**DIRECTIONS:**
Exactly the lines from the start of the data below through the line that contains "Beautiful Red scarlet, ruby" are to be copied, with pictures left out.

─── DATA SUPPLIED

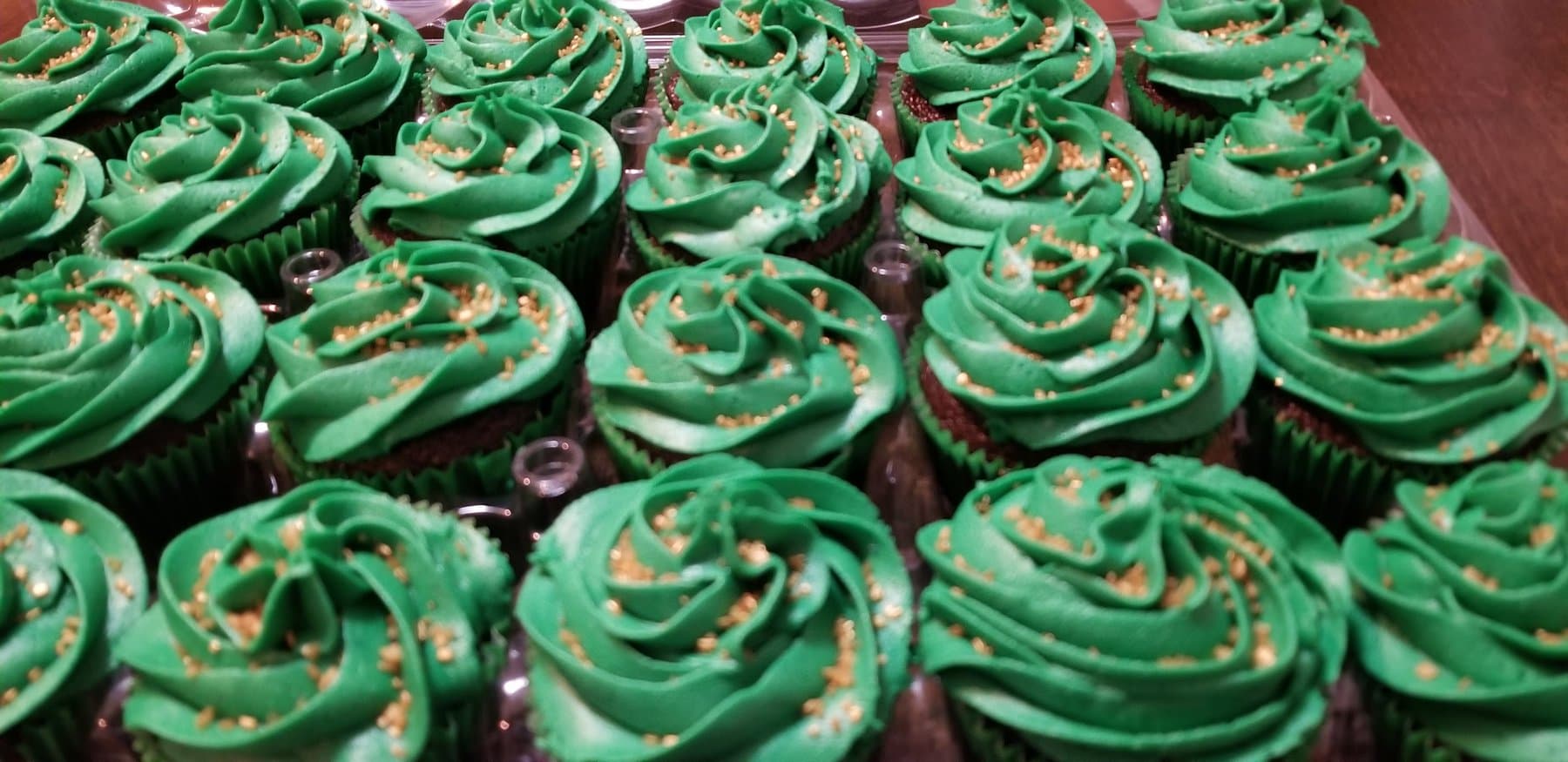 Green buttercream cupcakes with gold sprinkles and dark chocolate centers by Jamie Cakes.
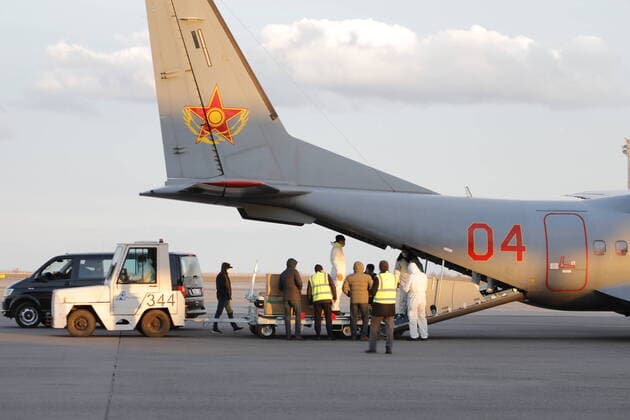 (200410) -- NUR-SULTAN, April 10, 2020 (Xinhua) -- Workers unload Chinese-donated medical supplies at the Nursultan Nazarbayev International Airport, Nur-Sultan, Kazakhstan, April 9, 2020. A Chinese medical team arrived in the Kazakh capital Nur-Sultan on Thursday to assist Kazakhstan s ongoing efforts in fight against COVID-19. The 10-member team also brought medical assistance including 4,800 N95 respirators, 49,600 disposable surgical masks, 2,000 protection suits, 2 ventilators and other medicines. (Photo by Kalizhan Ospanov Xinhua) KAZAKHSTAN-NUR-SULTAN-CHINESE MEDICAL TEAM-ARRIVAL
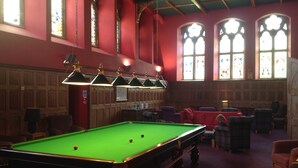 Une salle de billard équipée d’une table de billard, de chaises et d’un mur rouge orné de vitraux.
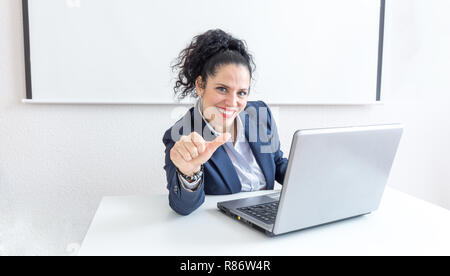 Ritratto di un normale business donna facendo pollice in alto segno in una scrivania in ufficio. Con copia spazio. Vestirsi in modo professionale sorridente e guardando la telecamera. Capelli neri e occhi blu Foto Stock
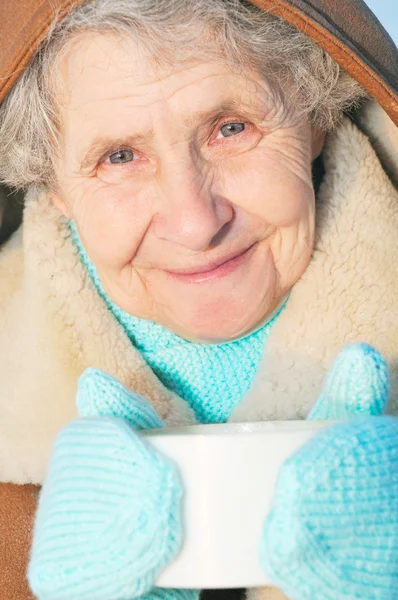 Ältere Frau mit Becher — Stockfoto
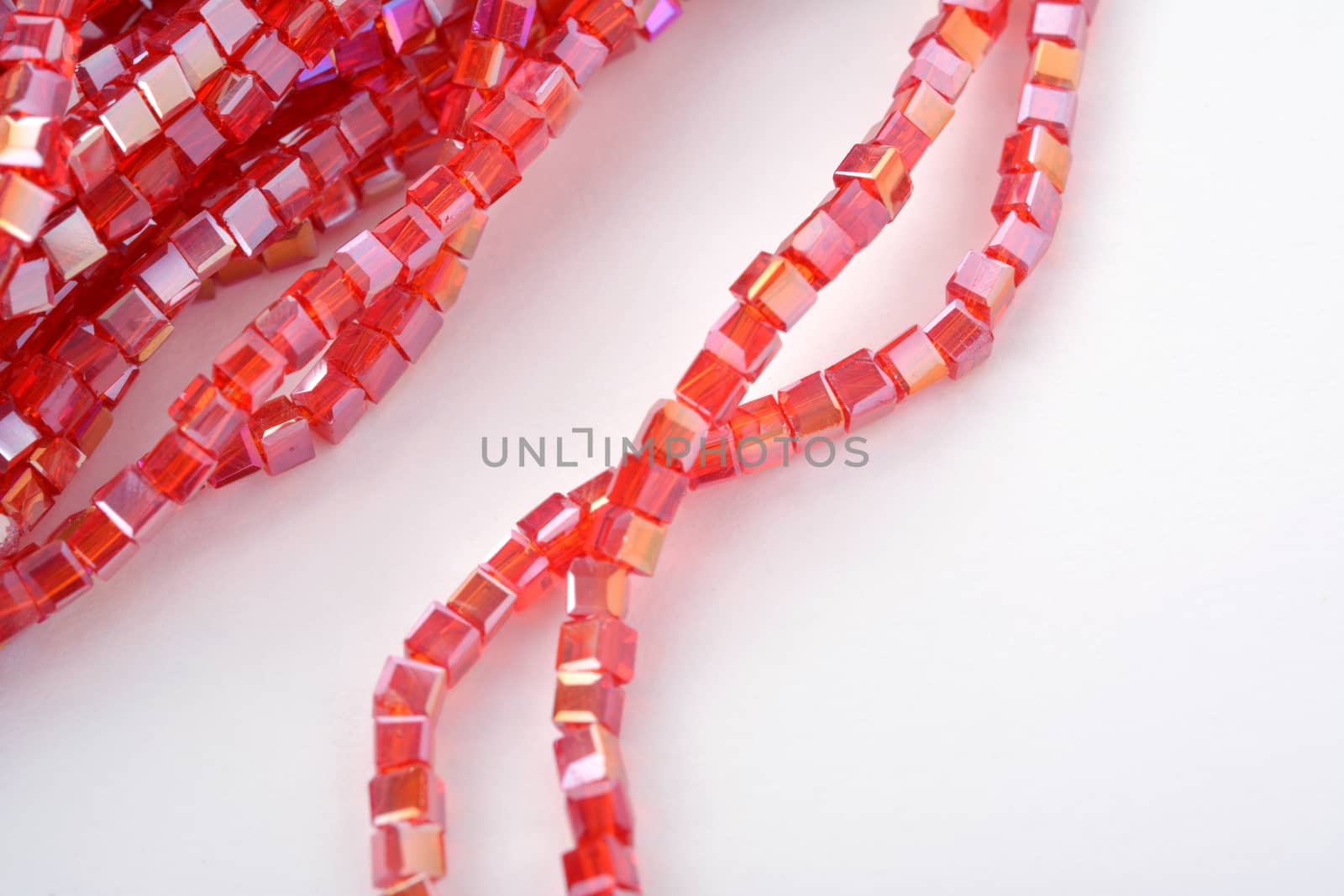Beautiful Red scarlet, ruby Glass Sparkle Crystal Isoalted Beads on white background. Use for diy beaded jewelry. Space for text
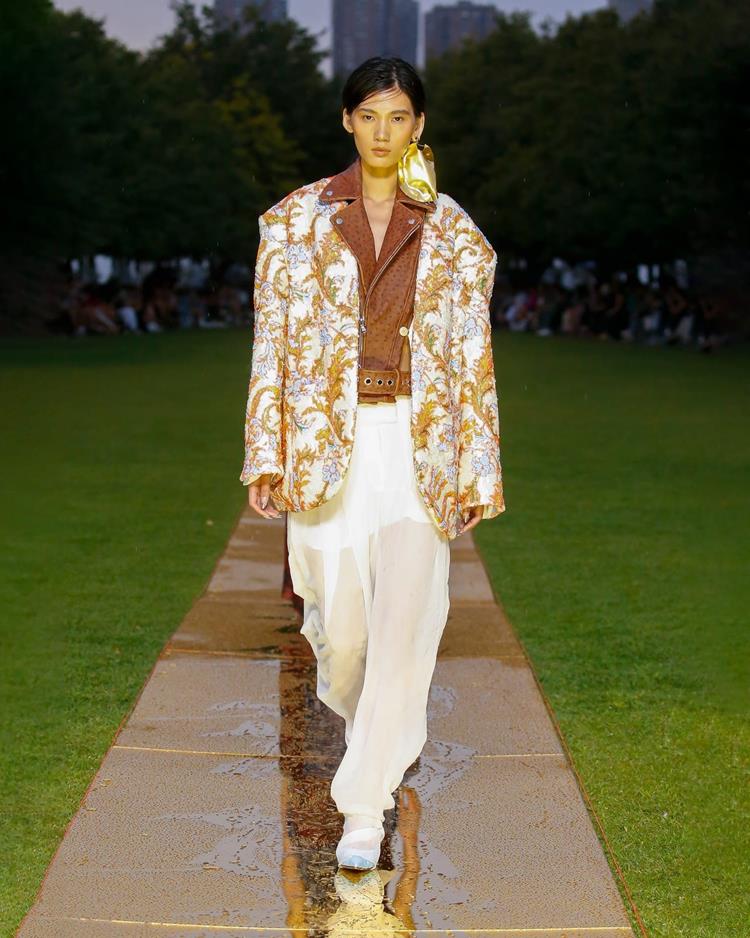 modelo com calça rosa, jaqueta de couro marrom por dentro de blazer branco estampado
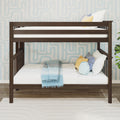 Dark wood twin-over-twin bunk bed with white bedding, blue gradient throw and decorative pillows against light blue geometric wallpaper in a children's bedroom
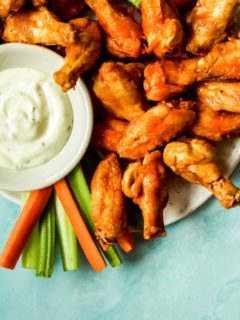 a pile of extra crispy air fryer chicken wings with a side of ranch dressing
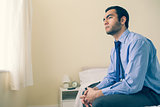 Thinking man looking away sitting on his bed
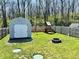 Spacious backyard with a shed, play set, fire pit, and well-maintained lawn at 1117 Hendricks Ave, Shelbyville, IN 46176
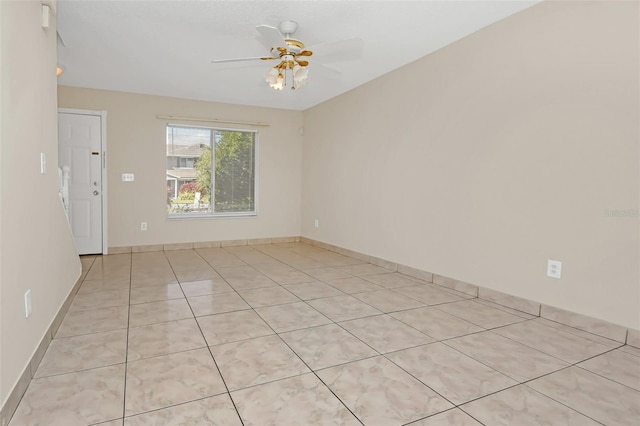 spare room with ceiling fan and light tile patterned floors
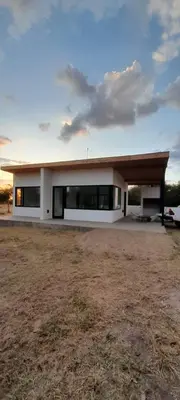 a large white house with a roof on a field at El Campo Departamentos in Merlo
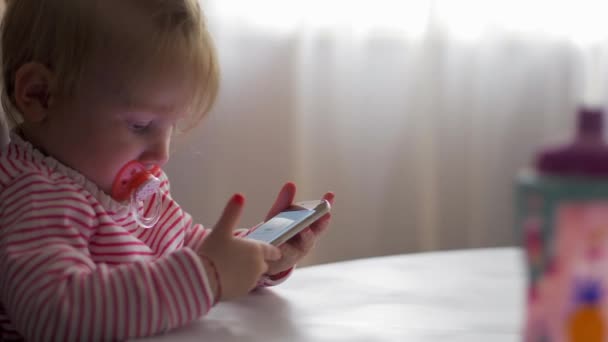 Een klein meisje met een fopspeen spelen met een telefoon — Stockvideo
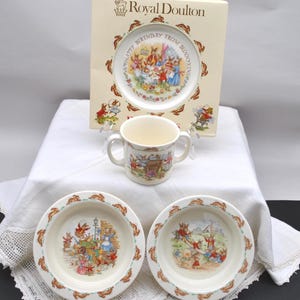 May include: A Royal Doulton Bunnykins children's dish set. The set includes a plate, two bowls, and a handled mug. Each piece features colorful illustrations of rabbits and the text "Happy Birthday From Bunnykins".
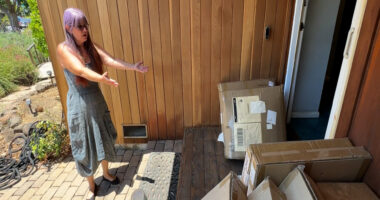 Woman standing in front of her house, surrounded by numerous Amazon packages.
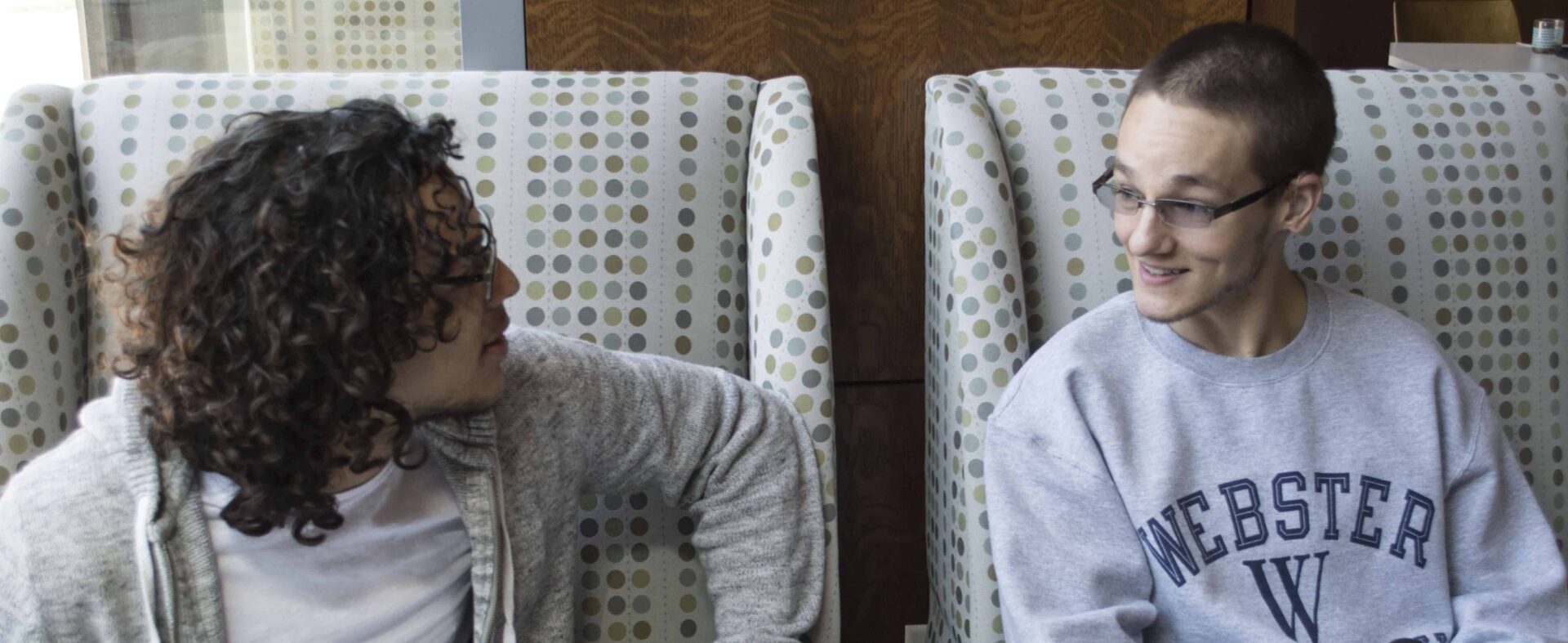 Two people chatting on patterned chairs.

──────

**RESULT FOR THIS EXERCISE:**
 Green buttercream cupcakes with gold sprinkles and dark chocolate centers by Jamie Cakes.
 (200410) -- NUR-SULTAN, April 10, 2020 (Xinhua) -- Workers unload Chinese-donated medical supplies at the Nursultan Nazarbayev International Airport, Nur-Sultan, Kazakhstan, April 9, 2020. A Chinese medical team arrived in the Kazakh capital Nur-Sultan on Thursday to assist Kazakhstan s ongoing efforts in fight against COVID-19. The 10-member team also brought medical assistance including 4,800 N95 respirators, 49,600 disposable surgical masks, 2,000 protection suits, 2 ventilators and other medicines. (Photo by Kalizhan Ospanov Xinhua) KAZAKHSTAN-NUR-SULTAN-CHINESE MEDICAL TEAM-ARRIVAL
 Une salle de billard équipée d’une table de billard, de chaises et d’un mur rouge orné de vitraux.
 Ritratto di un normale business donna facendo pollice in alto segno in una scrivania in ufficio. Con copia spazio. Vestirsi in modo professionale sorridente e guardando la telecamera. Capelli neri e occhi blu Foto Stock
 Ältere Frau mit Becher — Stockfoto
Beautiful Red scarlet, ruby Glass Sparkle Crystal Isoalted Beads on white background. Use for diy beaded jewelry. Space for text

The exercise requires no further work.